Sie schien sich seit dem Vorfall wirklich wieder beruhigt zu haben. Es gab in dem Moment keinen Hinweis darauf, dass sie Angst hatte oder sich unwohl fühlte.

"Ich glaube das war schon immer so", überlegte Aaron laut. "Ich mochte es noch nie von fremden Leuten angefasst zu werden. Es muss sich für mich richtig anfühlen."

"Wenn ich ... Euch wirklich so berühren würde wie sie ... glaubt Ihr denn wirklich, dass es Euch helfen würde, das schmutzige Gefühl wegzubekommen?", fragte Saori noch leiser. Das lag ihr wirklich im Magen.

"Ich denke schon. Weil es sich bei dir richtig anfühlen würde. Und du würdest mich nicht zwingen", murmelte er leise.

"Aber ... ist denn Verführen nicht etwas wie zwingen?" So richtig konnte sie sich das nicht vorstellen, wie jemand anderes ein Gefühl einfach überdecken konnte.

"Nein." Aaron schüttelte den Kopf. "Verführen heißt, dass du lediglich zeigst, dass du Interesse hast. Zwingen wird es erst, wenn du weiter machst obwohl ich nicht möchte."

Das war also ein Unterschied. Saori begann zu verstehen, dass verführen in einem guten Sinne gemeint war. Dass jemand Interesse hatte und einem etwas Gutes tun wollte.

Langsam nickte sie. "Ich glaube, ich verstehe", murmelte sie nun. Ob sie jemals darüber hinweg kommen würde und Aaron das geben konnte, was er sich vielleicht wünschte?

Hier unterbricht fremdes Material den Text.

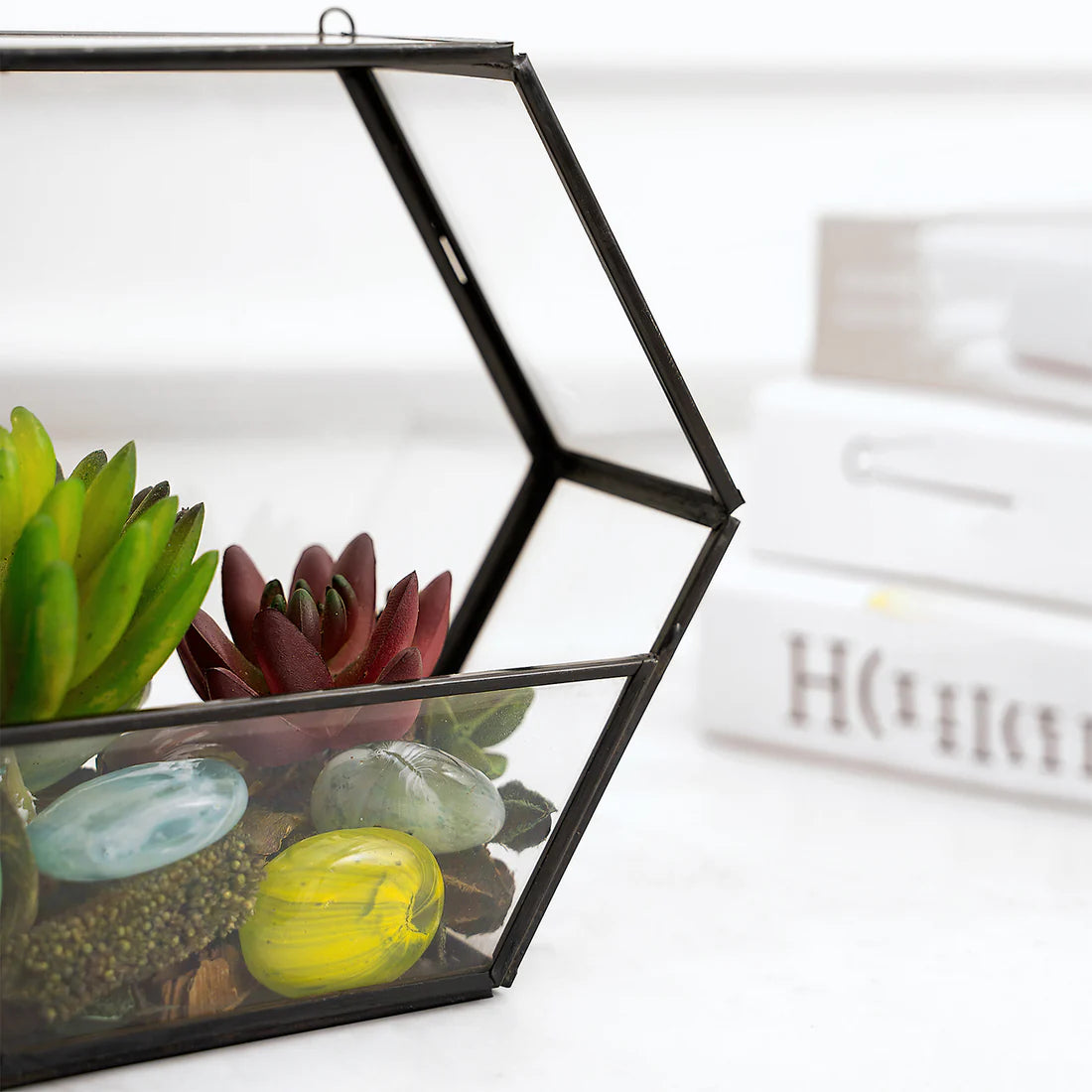 Glass Terrarium Vase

"Ich verführe dich auch, wenn ich beginne dich zu küssen. Aber ich zwinge dich nicht", erklärte er ihr. "Zumindest hoffe ich, dass du nicht das Gefühl hast, dass ich dich zwinge."

Heftig schüttelte sie den Kopf. "Nein, Ihr habt mir noch nie das Gefühl gegeben, gezwungen zu werden. Außer zum Tanzen, zum Essen ...", begann sie lächelnd aufzuzählen.

Aaron grinste. "Solange es nur das Tanzen und das Essen ist, bin ich beruhigt."

Sanft stupste Saori mit dem Finger gegen seine Nase und schnalzte mit der Zunge. "Manchmal seid Ihr wirklich seltsam", seufzte sie theatralisch, aber ihr Gesicht zeigte ein verschmitztes Aussehen. "Achso, ich habe massieren vergessen!", lachte sie leise und erinnerte sich daran, wie er sie gebeten und auch nicht wirklich locker gelassen hatte, bis sie es getan hatte.

"Dich muss man manchmal eben zu deinem Glück schupsen", lachte er leise.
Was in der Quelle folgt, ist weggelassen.